Years ago, it was fashionable to think that Ethernet had become so pervasive, so ubiquitous and consequently so cheap, that even your toaster would have an RJ-45 jack on it. My friend at a major instrument supplier would ask me routinely, "How about a pressure transmitter with Ethernet!?" Aside from the well-known obstacles of hazardous-area capability, two-wire power, topology and distance, there's the issue of how boring a well-specified, correctly installed and maintained transmitter really is. You don't run a 20-inch pipeline to the road for your gas line, even if it's cheaper than 2-in. galvanized. Delivering 31.25 kHz over a (single) twisted pair of copper provides ample bandwidth, power, flexible topology and up to 1900 meters of copper network with no powered repeaters, switches or media converters. Even when I deploy advanced diagnostics like statistical process monitoring solved at high speed in the device, I do so with negligible impact on network performance.

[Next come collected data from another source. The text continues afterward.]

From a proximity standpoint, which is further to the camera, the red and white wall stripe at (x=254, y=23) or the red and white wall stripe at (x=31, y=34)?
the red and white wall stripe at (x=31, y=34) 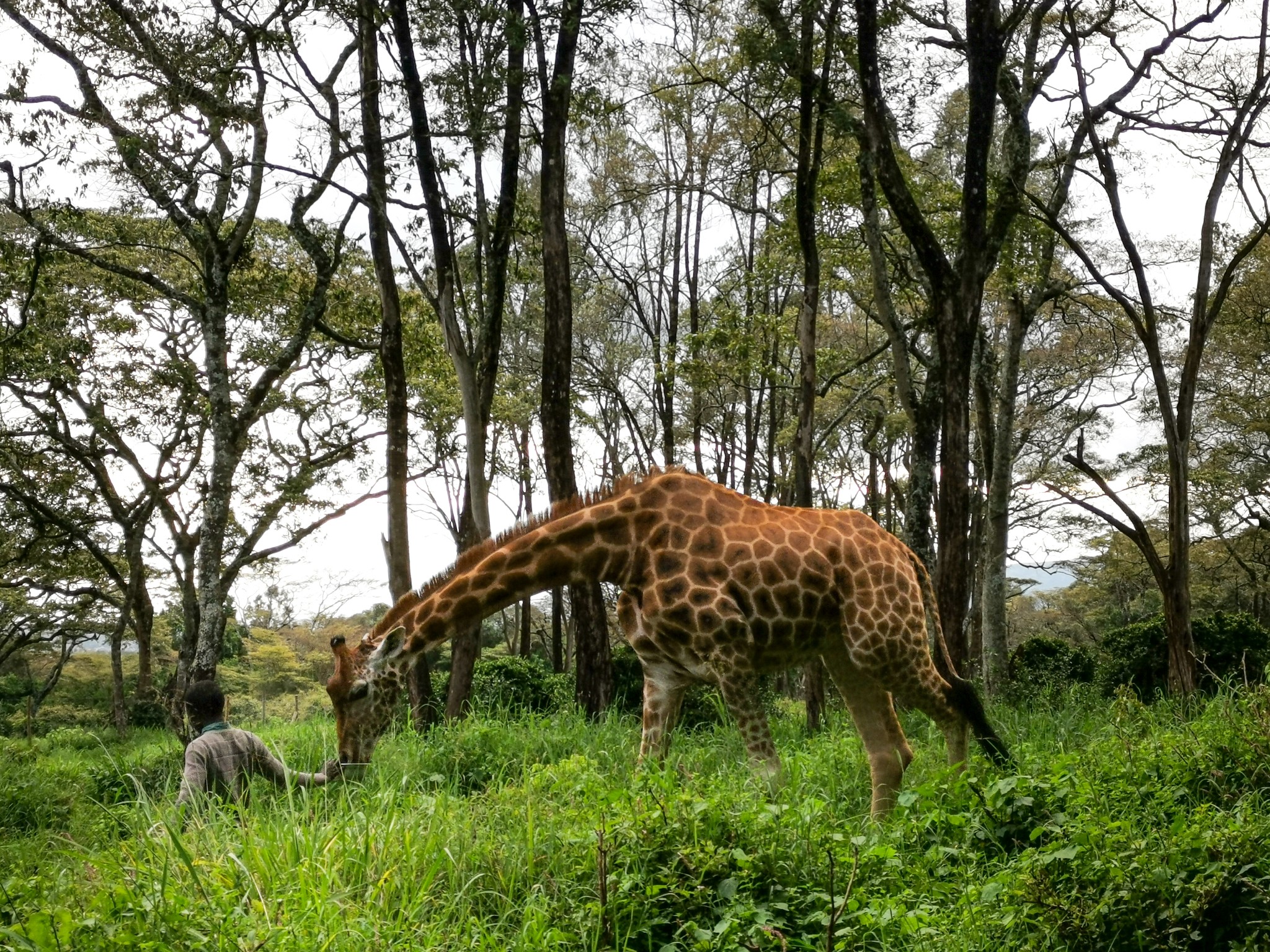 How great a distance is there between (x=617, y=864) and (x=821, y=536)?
2.99 metres

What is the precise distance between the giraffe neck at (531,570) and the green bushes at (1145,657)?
7.22 meters

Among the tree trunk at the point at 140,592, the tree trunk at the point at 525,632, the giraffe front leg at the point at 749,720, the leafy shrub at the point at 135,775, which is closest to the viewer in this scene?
the giraffe front leg at the point at 749,720

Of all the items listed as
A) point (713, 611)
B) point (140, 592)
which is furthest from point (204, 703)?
point (140, 592)

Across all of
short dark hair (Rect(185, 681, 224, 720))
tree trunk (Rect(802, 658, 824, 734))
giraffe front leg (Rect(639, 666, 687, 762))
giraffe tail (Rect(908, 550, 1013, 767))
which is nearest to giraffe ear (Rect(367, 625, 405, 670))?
short dark hair (Rect(185, 681, 224, 720))

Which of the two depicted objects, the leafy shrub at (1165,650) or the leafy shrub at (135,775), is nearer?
the leafy shrub at (135,775)

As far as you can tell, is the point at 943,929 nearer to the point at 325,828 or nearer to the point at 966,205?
the point at 325,828

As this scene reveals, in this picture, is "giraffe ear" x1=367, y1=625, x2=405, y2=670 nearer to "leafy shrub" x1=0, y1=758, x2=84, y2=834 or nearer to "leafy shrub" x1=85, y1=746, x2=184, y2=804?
"leafy shrub" x1=85, y1=746, x2=184, y2=804

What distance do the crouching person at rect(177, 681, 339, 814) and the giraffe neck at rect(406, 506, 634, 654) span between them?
106 centimetres

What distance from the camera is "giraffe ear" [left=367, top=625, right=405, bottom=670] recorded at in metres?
6.24

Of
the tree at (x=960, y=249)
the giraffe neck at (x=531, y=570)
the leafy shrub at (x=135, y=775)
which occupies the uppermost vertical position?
the tree at (x=960, y=249)

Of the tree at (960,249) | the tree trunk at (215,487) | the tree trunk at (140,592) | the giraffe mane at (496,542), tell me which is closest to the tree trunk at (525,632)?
the tree trunk at (140,592)

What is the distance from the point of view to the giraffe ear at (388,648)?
624 centimetres

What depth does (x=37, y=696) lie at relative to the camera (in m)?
27.4

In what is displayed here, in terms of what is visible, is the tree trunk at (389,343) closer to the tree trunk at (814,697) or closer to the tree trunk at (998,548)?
the tree trunk at (814,697) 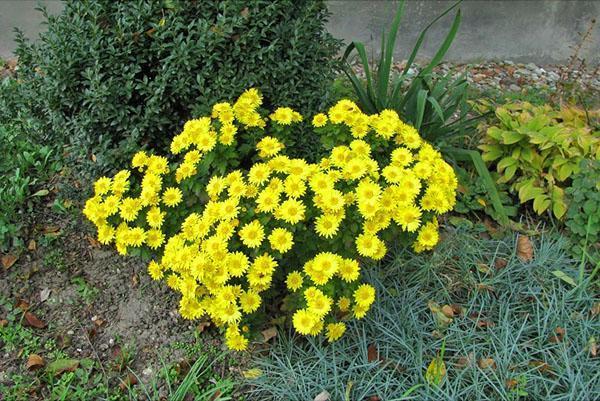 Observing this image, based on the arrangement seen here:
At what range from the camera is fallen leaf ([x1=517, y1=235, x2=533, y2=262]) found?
3053 millimetres

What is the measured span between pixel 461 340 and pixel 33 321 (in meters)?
1.86

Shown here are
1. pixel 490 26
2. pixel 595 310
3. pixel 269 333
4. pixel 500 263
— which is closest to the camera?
pixel 269 333

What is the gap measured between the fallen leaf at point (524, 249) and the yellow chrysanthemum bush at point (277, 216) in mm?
594

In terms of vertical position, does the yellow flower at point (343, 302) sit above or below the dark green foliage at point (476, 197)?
above

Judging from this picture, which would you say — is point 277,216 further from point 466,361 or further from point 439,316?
point 466,361

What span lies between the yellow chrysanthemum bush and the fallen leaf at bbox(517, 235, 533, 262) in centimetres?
59

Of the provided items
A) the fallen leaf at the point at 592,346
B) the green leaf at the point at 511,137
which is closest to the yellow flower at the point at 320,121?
the green leaf at the point at 511,137

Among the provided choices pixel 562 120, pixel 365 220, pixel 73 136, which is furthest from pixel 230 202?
pixel 562 120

Ethernet is ubiquitous, and industrial protocols like EtherCAT and EtherNet/IP are indeed supplanting proprietary buses in a host of discrete parts manufacturing applications. The process industries have differing requirements and priorities, and the specifications on which process fieldbuses are built were created with considerable input from process industry end users.
Not like my washing machine, which, incidentally, still lacks an RJ45 jack. Maybe if it had one, we'd know what the heck it was doing!